Using my handkerchief, I took out the piece of notepaper I had found earlier and held it up where she could see what was written on it. “Do you have any idea what this is, Ms. Speers?” She started to reach for it, but I said, “No, don’t touch it. Just look.”
She looked. “I never saw it before,” she said.
“Is the handwriting familiar?”
“Yes. It’s Bernice’s.”
“From the looks of it, she was left-handed.”
“Yes, she was. If that matters.”
“The three names here-are they familiar?”
“Yes. James Huddleston is the former state attorney general. Edward Boyer and Samuel Rykman are both prominent businessmen.”
“Close friends of yours?”
Her mouth turned crooked. “Not anymore.”
“Why is that?”
“Because they’re bastards.”
“Oh?”
“And one is an out-and-out thief.”
“Which one?”
She shook her head-there was a feral gleam in her eyes now-and started past me. I let her go. Then I put the paper away again, followed her onto the porch.
The security chief had planted himself on the cottage path to wait for the county police; Craig was down there with him. The resident director had disappeared somewhere, probably to go do something about protecting Xanadu’s reputation. Nobody was paying any attention to me, so I went down and along a packed-earth path that skirted the far side of the cottage.
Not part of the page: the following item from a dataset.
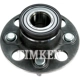 Purchase Top-Quality Rear Hub Assembly by TIMKEN - 512323 pa1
At the rear there were steps leading up onto the balcony. I climbed them and took a look at the strip of film I had noticed earlier, caught on a wood splinter through one of several small holes along its edge. It was the stiff and sturdy kind they use to make slides-the kind that wouldn’t bend easily under a weight laid on it edgewise.
I paced around for a time, looking at this and that. Then I stood still and stared down at the ocean spray boiling over the rocks below, not really seeing it, looking at some things inside my head instead. I was still doing that when more cart noises sounded out front, two or three carts this time, judging from the magnified whirring and whining. County cops, I thought. Nice timing, too.